## ASSIGNMENT
Copy all lines containing the string "Vintage" from the records below.

## Source data
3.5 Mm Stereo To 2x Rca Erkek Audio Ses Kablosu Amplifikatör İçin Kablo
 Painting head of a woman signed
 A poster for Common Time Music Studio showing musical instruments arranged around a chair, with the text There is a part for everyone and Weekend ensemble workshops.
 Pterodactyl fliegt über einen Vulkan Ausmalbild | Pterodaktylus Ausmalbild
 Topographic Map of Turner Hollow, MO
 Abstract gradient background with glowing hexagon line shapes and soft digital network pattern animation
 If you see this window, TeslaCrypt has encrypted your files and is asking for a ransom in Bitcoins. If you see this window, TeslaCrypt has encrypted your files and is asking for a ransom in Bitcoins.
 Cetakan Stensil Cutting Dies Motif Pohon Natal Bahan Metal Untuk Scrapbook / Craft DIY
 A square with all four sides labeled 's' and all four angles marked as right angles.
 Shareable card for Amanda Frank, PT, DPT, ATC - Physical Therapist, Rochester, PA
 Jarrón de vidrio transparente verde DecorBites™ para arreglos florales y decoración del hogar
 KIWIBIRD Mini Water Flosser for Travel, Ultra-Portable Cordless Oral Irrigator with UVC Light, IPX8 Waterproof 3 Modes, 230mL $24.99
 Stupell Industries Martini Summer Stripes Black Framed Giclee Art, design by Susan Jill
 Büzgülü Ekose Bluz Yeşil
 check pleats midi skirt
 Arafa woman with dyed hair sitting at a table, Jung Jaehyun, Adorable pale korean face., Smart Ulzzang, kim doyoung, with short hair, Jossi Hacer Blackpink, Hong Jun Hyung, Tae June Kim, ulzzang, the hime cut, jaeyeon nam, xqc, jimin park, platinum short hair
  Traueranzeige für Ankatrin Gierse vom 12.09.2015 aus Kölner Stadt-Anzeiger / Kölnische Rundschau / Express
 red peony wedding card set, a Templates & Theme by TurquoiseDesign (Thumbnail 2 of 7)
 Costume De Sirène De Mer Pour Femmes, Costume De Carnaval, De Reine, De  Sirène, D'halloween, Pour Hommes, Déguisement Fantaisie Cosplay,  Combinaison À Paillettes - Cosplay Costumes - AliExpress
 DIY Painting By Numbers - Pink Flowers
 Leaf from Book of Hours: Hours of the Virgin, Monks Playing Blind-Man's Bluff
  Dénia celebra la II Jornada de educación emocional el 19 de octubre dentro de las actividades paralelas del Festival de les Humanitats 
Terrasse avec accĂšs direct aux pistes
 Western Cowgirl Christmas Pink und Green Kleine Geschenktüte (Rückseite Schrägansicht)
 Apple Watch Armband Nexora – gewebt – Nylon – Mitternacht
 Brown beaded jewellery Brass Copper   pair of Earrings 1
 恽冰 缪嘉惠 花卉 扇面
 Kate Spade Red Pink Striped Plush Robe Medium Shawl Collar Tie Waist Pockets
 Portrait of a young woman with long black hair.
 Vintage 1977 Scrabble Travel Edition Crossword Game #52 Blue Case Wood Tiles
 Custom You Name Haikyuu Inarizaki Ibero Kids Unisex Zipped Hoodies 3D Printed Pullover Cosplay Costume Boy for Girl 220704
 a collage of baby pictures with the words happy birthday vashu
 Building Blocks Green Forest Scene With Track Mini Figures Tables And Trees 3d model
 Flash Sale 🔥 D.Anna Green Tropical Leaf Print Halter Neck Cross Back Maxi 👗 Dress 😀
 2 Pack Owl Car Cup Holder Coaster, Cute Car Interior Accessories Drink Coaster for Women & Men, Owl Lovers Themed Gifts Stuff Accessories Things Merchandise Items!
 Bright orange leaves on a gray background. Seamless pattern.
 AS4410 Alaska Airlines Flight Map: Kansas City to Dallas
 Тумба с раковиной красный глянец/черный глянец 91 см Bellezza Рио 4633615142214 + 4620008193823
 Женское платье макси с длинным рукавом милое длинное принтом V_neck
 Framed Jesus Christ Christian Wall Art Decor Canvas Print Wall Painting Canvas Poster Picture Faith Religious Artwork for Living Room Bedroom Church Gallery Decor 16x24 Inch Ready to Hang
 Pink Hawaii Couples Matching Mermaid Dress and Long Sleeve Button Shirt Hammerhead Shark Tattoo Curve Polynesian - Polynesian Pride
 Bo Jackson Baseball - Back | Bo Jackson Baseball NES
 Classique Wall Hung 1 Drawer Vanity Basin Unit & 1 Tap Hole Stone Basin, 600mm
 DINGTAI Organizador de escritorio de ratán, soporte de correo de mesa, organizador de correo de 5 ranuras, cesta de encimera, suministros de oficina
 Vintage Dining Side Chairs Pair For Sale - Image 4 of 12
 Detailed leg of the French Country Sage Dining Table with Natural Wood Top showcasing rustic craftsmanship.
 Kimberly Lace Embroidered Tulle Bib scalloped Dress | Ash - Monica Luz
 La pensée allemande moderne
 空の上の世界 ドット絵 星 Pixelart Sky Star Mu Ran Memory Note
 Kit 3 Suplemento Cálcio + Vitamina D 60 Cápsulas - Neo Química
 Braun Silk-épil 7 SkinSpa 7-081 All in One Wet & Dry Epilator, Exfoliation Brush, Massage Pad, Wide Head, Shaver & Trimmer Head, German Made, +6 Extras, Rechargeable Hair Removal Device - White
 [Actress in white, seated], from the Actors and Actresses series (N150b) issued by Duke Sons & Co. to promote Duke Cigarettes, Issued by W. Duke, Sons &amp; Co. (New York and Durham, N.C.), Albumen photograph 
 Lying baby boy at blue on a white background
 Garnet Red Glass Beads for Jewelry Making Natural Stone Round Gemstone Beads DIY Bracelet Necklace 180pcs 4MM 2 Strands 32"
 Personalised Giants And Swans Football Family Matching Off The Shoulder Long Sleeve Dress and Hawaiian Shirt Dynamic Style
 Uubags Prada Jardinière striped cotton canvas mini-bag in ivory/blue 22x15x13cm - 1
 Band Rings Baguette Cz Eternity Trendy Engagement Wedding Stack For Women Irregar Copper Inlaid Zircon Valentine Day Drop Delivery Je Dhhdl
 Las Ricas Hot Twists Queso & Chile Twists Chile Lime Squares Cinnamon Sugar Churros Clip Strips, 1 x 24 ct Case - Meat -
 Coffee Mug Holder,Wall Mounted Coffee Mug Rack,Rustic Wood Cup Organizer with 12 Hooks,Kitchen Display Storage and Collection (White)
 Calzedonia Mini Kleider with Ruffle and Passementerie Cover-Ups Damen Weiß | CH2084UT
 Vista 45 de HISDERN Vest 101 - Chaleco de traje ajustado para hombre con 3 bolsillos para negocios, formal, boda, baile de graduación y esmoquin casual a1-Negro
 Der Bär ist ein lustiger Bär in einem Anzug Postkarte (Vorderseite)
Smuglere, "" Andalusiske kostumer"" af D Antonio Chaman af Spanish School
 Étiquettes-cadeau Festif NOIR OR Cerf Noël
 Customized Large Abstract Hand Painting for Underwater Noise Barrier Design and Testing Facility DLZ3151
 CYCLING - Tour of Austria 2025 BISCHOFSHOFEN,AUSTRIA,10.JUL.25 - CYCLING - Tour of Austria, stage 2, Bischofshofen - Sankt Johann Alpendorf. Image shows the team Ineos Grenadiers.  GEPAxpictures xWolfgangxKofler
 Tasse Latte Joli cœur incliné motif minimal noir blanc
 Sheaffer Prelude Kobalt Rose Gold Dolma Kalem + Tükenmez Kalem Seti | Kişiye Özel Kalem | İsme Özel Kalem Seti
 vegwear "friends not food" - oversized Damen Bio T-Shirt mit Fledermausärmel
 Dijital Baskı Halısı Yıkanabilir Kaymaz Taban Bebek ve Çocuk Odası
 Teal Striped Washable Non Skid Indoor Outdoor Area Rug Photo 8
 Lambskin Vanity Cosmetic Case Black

## PROBLEM SOLUTION
 Vintage 1977 Scrabble Travel Edition Crossword Game #52 Blue Case Wood Tiles
 Vintage Dining Side Chairs Pair For Sale - Image 4 of 12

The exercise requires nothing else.